INSTRUCTIONS TO FOLLOW - Everything in the listing below must be set down again exactly, apart from the pictures.

TASK INPUTS -
= = = =

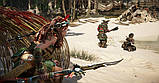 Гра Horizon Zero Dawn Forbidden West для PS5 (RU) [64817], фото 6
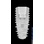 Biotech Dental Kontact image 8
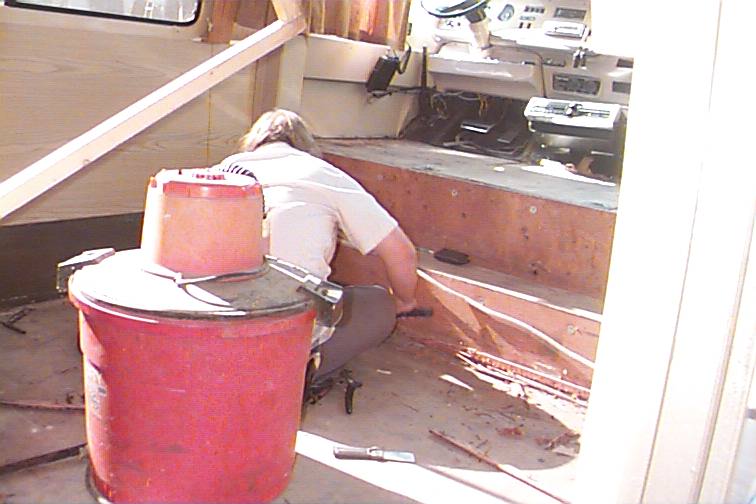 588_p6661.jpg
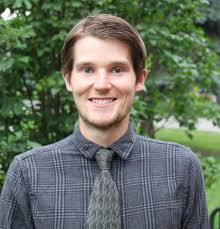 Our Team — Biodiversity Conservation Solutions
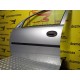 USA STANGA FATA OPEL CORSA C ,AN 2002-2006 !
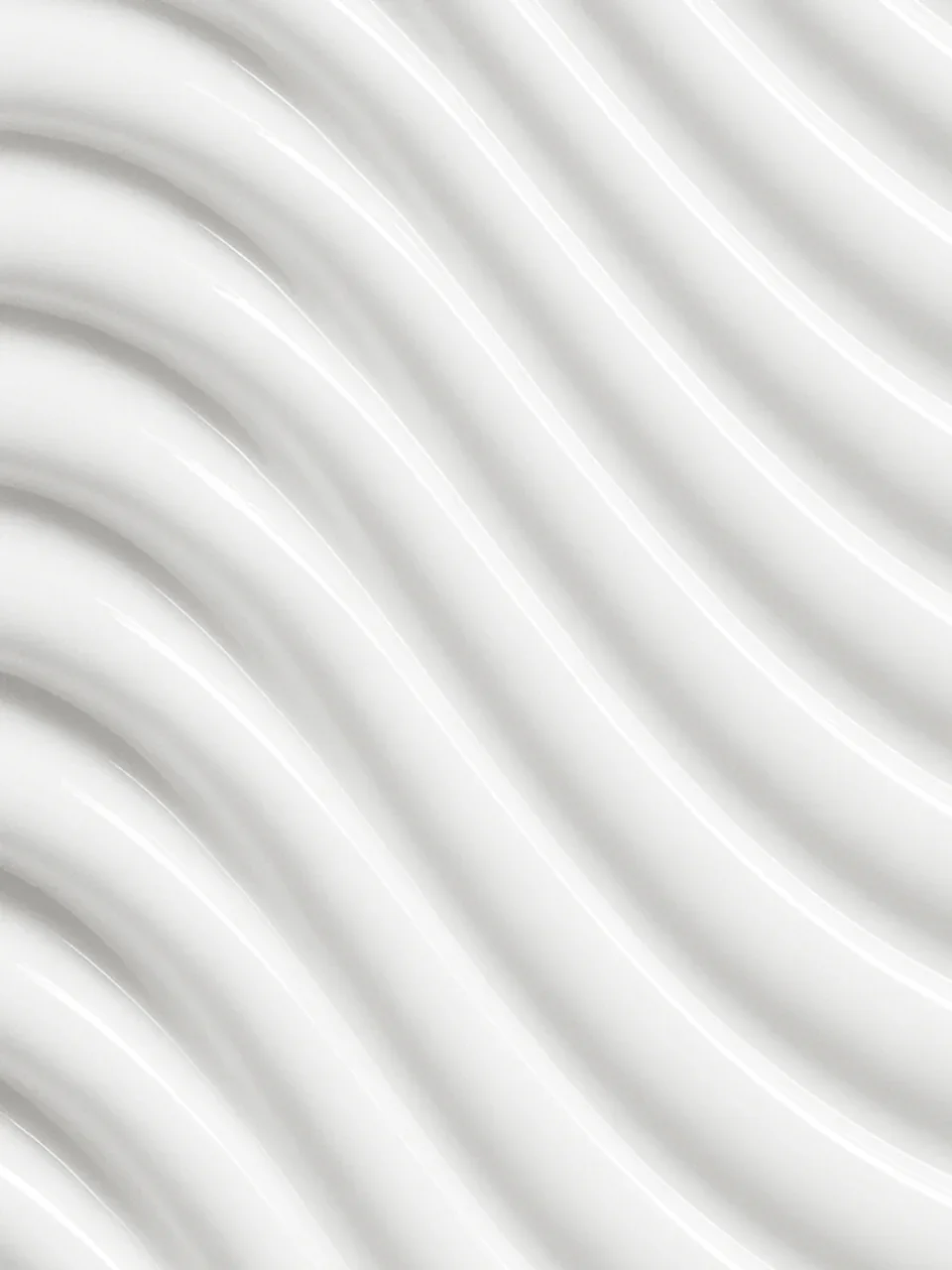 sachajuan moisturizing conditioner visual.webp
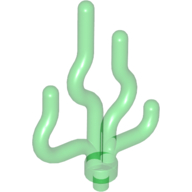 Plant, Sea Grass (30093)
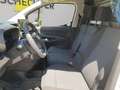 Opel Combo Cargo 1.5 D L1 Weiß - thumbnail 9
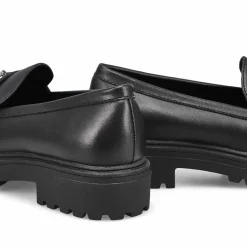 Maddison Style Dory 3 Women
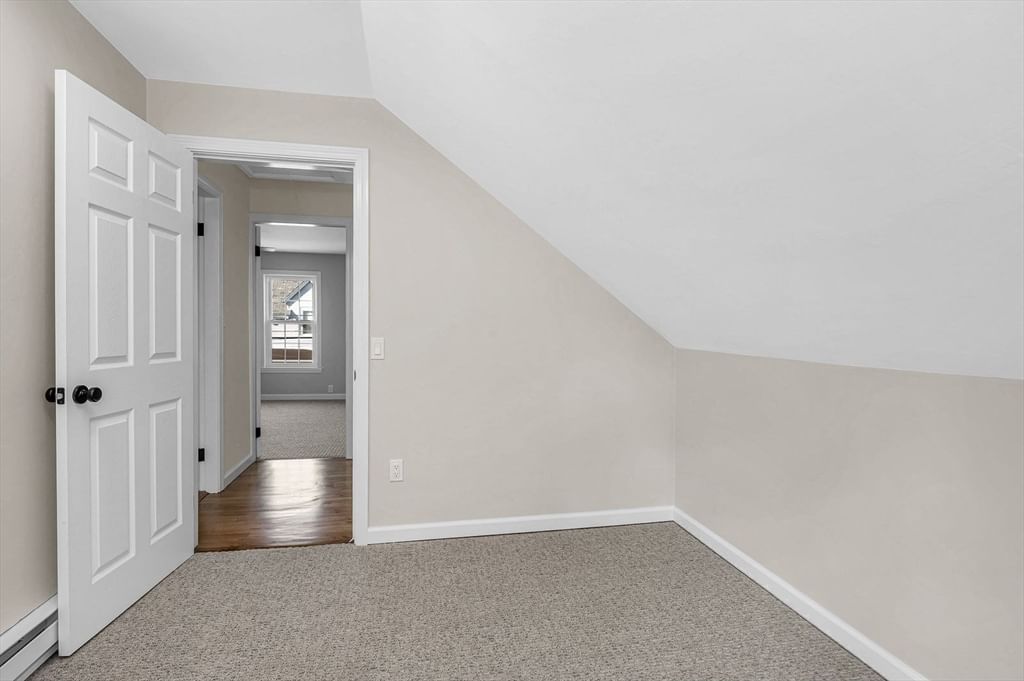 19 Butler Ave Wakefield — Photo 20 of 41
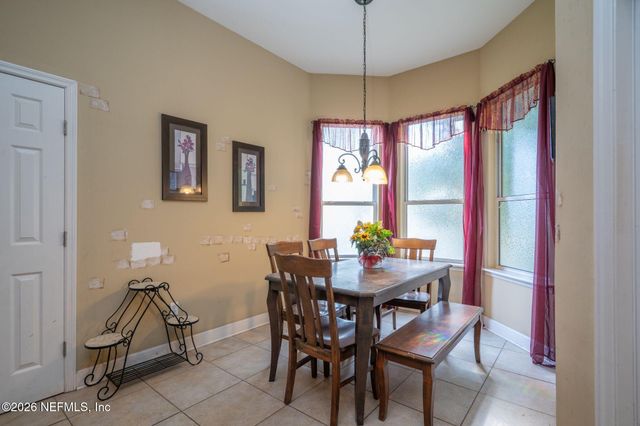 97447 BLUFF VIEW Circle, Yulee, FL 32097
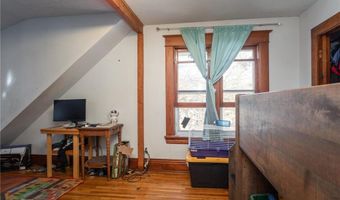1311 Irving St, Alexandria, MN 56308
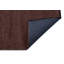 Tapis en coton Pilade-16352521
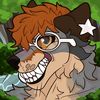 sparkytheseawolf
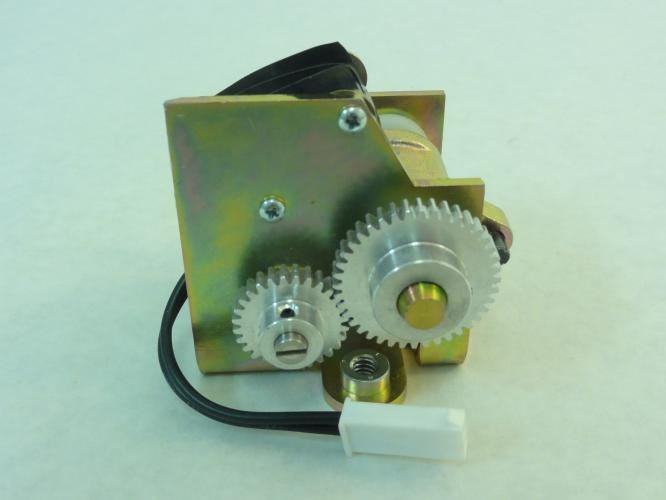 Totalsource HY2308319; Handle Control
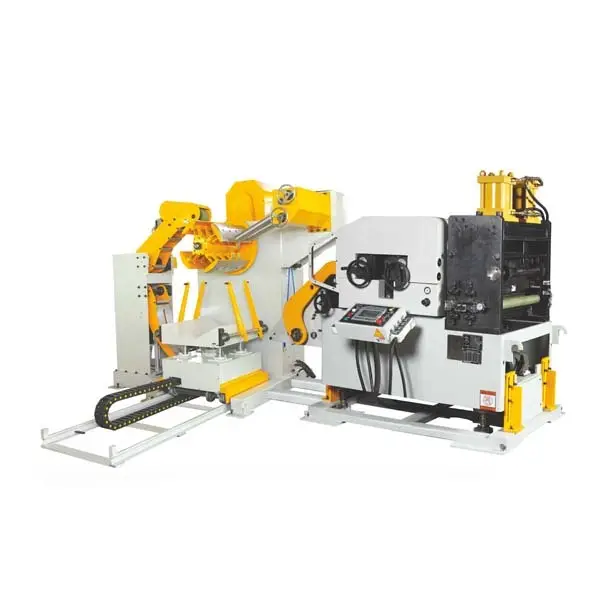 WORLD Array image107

= = = =

RESPONSE FOR THIS EXERCISE -
 Гра Horizon Zero Dawn Forbidden West для PS5 (RU) [64817], фото 6
 Biotech Dental Kontact image 8
 588_p6661.jpg
 Our Team — Biodiversity Conservation Solutions
 USA STANGA FATA OPEL CORSA C ,AN 2002-2006 !
 sachajuan moisturizing conditioner visual.webp
 Plant, Sea Grass (30093)
 Opel Combo Cargo 1.5 D L1 Weiß - thumbnail 9
 Maddison Style Dory 3 Women
 19 Butler Ave Wakefield — Photo 20 of 41
 97447 BLUFF VIEW Circle, Yulee, FL 32097
1311 Irving St, Alexandria, MN 56308
 Tapis en coton Pilade-16352521
 sparkytheseawolf
 Totalsource HY2308319; Handle Control
 WORLD Array image107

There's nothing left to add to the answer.